__Required work__
The task calls for the lines below from the line with "Next, consider string" to the line with "The time is", both ends included, copied exactly, without any pictures.

__Material for this exercise__
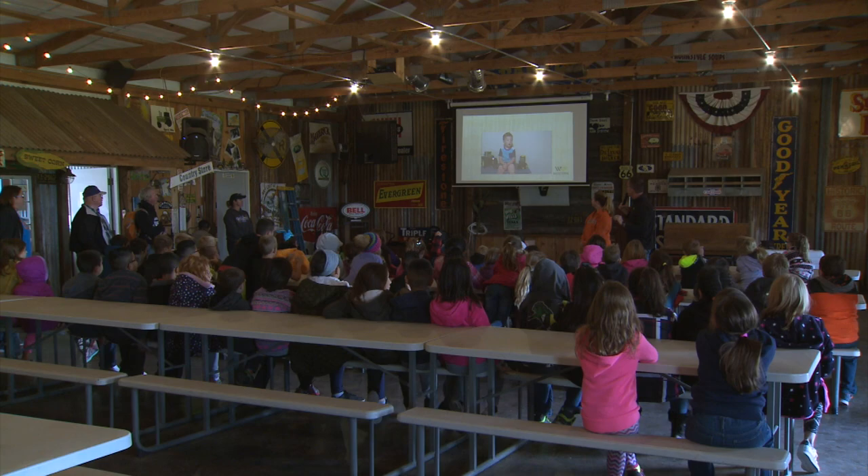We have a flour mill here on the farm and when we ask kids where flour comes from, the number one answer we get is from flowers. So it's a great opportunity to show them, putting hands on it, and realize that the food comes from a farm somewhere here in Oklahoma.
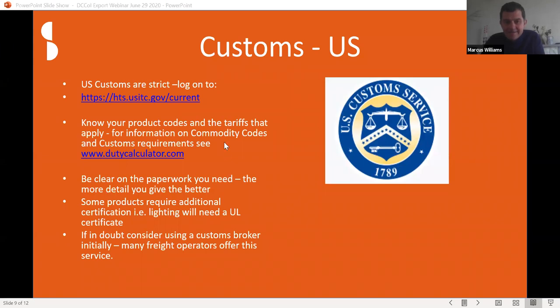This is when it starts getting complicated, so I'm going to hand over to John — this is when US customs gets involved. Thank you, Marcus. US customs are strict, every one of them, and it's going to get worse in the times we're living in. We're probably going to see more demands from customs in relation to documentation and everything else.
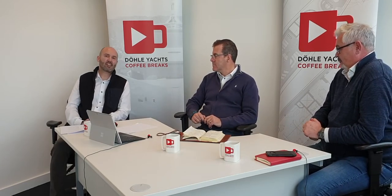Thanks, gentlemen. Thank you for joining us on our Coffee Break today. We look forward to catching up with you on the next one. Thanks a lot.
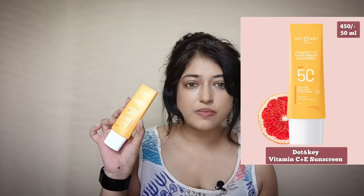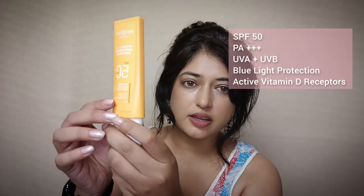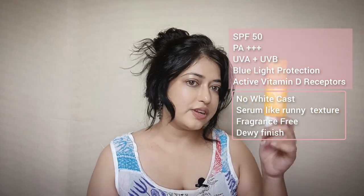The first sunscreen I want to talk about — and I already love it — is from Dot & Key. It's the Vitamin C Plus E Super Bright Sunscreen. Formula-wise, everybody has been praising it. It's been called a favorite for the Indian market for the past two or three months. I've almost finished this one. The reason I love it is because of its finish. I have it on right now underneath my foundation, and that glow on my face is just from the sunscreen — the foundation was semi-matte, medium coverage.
* * *
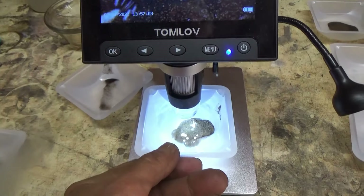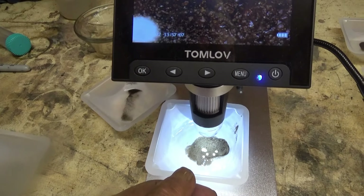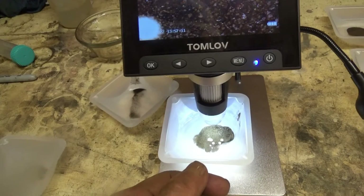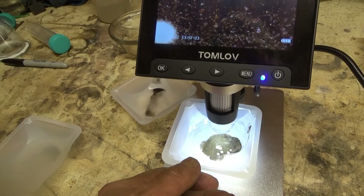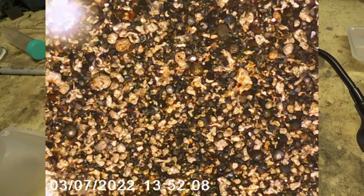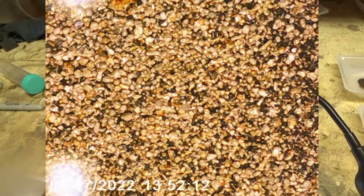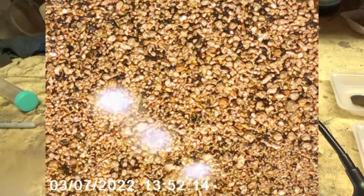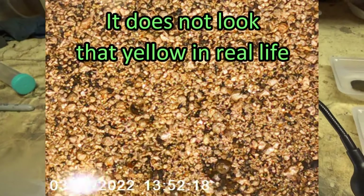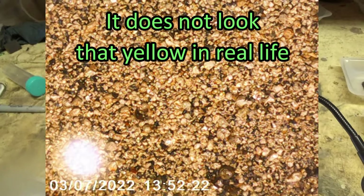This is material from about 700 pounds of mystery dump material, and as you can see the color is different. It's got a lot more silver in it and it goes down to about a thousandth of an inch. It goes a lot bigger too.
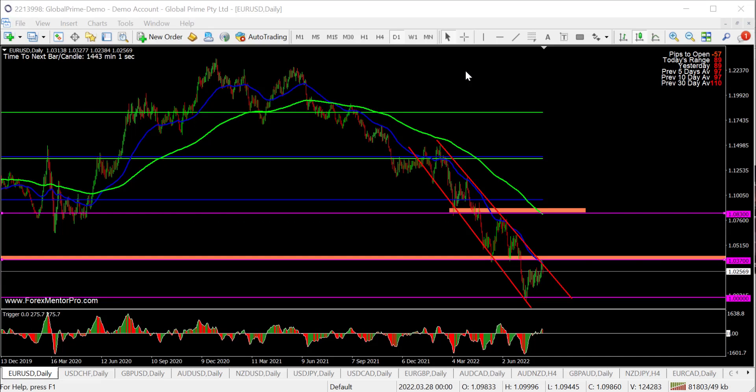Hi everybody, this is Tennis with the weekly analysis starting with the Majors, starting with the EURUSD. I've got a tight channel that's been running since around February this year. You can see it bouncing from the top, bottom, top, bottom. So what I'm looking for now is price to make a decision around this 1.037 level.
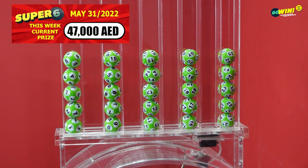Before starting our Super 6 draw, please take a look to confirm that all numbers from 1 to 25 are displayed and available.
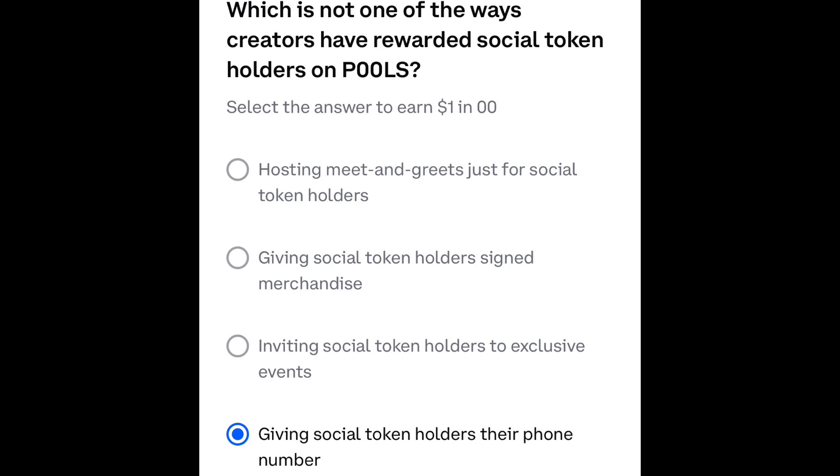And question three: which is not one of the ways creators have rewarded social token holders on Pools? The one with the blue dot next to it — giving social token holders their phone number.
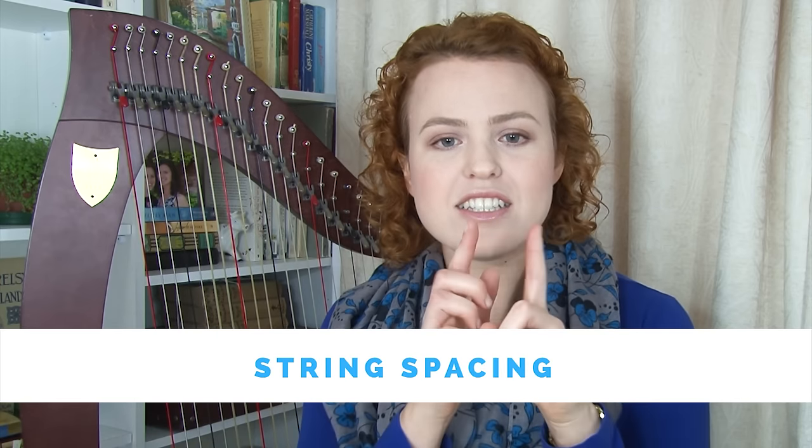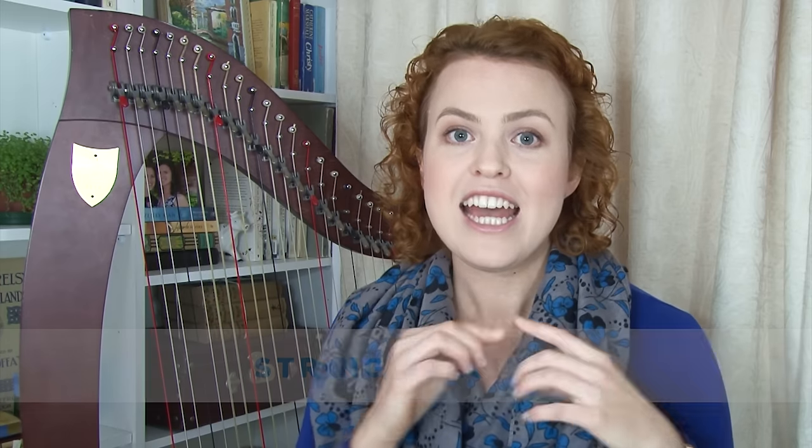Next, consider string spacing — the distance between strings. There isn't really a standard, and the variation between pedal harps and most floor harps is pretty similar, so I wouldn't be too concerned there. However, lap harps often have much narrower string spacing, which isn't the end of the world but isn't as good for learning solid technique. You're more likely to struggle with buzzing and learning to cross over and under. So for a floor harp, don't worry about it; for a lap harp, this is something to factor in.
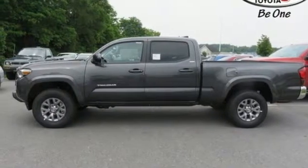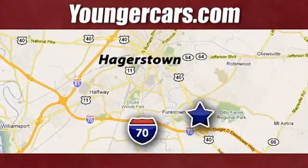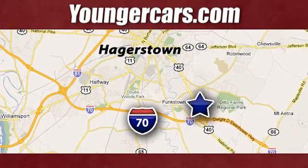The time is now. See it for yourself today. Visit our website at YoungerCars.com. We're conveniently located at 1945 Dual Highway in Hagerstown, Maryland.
--
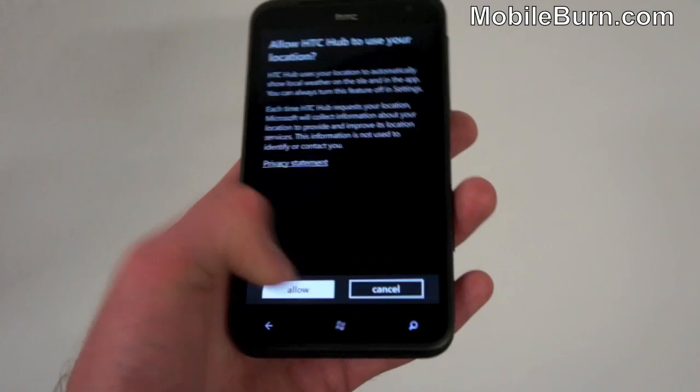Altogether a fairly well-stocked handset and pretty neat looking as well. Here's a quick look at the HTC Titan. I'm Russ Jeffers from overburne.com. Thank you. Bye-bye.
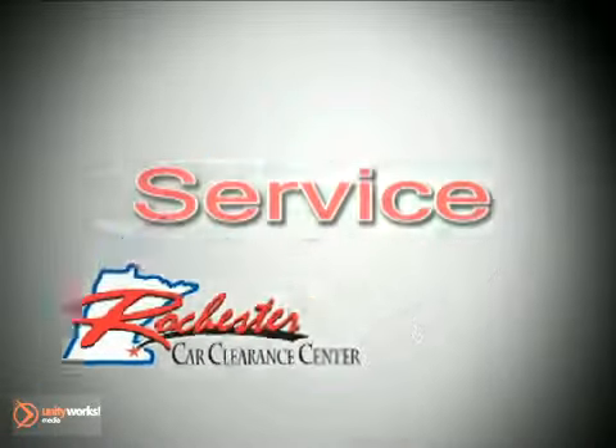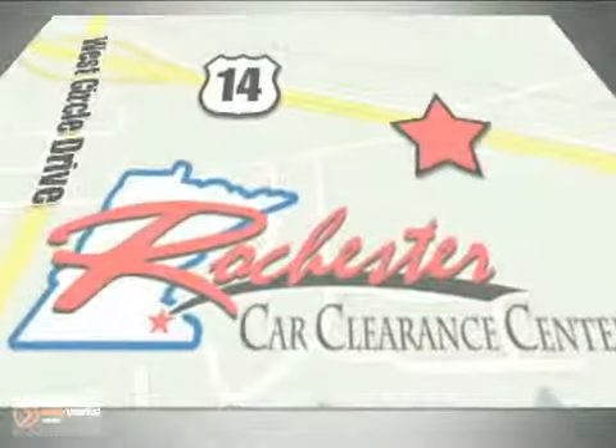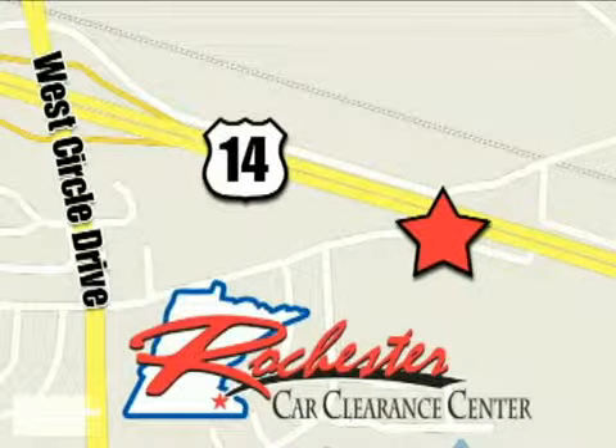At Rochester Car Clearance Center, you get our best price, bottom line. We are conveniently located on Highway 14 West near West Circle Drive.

__Task result__
Next, consider string spacing — the distance between strings. There isn't really a standard, and the variation between pedal harps and most floor harps is pretty similar, so I wouldn't be too concerned there. However, lap harps often have much narrower string spacing, which isn't the end of the world but isn't as good for learning solid technique. You're more likely to struggle with buzzing and learning to cross over and under. So for a floor harp, don't worry about it; for a lap harp, this is something to factor in.
The time is now. See it for yourself today. Visit our website at YoungerCars.com. We're conveniently located at 1945 Dual Highway in Hagerstown, Maryland.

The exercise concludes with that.